===== Data under study
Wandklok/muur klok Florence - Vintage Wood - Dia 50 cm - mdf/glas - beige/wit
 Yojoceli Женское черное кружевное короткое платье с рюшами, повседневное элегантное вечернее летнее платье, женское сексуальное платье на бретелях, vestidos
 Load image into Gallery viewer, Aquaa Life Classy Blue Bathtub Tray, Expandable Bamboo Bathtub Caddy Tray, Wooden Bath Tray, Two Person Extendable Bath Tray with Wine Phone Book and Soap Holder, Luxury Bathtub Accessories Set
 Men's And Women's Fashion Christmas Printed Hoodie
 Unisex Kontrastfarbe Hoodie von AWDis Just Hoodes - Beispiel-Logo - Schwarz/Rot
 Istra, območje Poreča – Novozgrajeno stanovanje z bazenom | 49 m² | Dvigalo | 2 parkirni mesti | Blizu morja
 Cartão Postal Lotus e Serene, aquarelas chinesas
==========
Try it:
Filter the records, keeping only lines that contain "Hoodie", and show those lines.

Task solution:
 Men's And Women's Fashion Christmas Printed Hoodie
 Unisex Kontrastfarbe Hoodie von AWDis Just Hoodes - Beispiel-Logo - Schwarz/Rot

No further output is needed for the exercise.